Les liqueurs alcooliques sont réunies et décolorées, si c'est nécessaire, avec un peu de noir animal fin; puis l'on y ajoute de l'éther à 65° en quantité suffisante pour amener la précipitation de l'azoture sous forme de poussière cristalline.

L'excès d'éther déterminerait la séparation de l'eau contenue dans l'alcool à 85°. Cette eau se chargerait d'azoture et le rendement serait notablement abaissé.

On reconnaît le commencement de la séparation de l'eau en examinant le précipité qui, au lieu de conserver l'aspect poussiéreux, prend une consistance pâteuse, par suite de l'adhérence des cristaux mouillés les uns

aux autres.

Pour ramener l'état normal, il suffit d'ajouter de l'alcool à 95° en quantité strictement suffisante.

L'azoture est recueilli, lavé à l'éther 65° et séché à l'air.

La cristallisation de l'azoture d'ammonium dans l'eau donne de magnifiques cristaux, brillants et transparents, mais occasionne une perte assez considérable par suite de la sublimation du sel à la température ordinaire dans le vide sec par le chlorure de calcium.

On a, en effet, retrouvé dans le chlorure de calcium l'azoture qui avait été absorbé en même temps que l'eau de dissolution.

A cette fin, le chlorure a été dissous dans peu d'eau et l'on a distillé; la vapeur d'eau a entraîné l'azoture. Mais on a constaté aussi, dans l'eau recueillie, la présence du chlore. Elle s'explique par une double décomposition entre le chlorure et l'azoture, formation de chlorhydrate d'ammoniaque qui est également entraîné par la vapeur d'eau.

Les eaux ainsi recueillies par une première distillation ont été acidifiées par l'acide nitrique. On a précipité par un excès de protonitrate de mercure et ensuite décomposé le sel mercureux par la soude.
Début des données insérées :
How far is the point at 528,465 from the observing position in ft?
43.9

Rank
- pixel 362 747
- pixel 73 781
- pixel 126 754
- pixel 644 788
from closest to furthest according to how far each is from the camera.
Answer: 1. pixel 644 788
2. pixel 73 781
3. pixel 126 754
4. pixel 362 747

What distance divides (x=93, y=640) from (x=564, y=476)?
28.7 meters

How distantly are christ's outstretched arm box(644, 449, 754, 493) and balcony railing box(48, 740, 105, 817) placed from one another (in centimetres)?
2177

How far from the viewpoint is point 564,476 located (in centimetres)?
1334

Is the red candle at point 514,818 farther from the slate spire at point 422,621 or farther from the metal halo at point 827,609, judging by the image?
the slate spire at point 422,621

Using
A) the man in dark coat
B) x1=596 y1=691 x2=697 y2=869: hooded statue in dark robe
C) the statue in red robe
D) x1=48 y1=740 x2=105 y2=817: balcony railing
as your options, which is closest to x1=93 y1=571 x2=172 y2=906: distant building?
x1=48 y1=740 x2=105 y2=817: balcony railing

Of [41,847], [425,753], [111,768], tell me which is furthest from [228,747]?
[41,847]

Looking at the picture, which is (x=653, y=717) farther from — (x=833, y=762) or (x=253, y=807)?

On a filtré, acidifié par l'acide oxalique et distillé.

On a recueilli une dissolution étendue d'acide azothydrique libre et sans chlore, d'où l'on a précipité de l'azoture mercureux.

PRÉPARATION DE L'AZOTURE MERCUREUX Az3 Hg2.

Après la séparation de l'azoture d'ammonium, telle qu'elle a été indiquée, il reste encore une notable quantité de ce sel mélangé à l'hippuramide.

On l'extrait au moyen d'épuisements méthodiques à l'alcool froid; et ces liqueurs alcooliques, trop étendues pour précipiter par l'éther, sont décolorées s'il y a lieu, additionnées d'une grande quantité d'eau et traitées par le nitrate mercureux.

Le précipité est lavé avec soin par des décantations successives et finalement sur le filtre où on le recueille.

L'azoture ainsi préparé contient moins de 1 pour 100 d'impureté, probablement de l'hippuramide entraînée au moment de la précipitation.

PRÉPARATION DE L'AZOTURE MERCURIQUE Az3 Hg.

Dans l'appareil qui a servi à la préparation de l'acide azothydrique, on a chauffé 20oo d'azoture mercureux et la quantité d'acide sulfurique nécessaire pour la saturation du mercure, étendu de 7 à 8 fois son volume d'eau.

On a recueilli une dissolution assez concentrée d'acide azothydrique, qui a été presque entièrement saturée avec de l'oxyde jaune de mercure récemment précipité et bien lavé.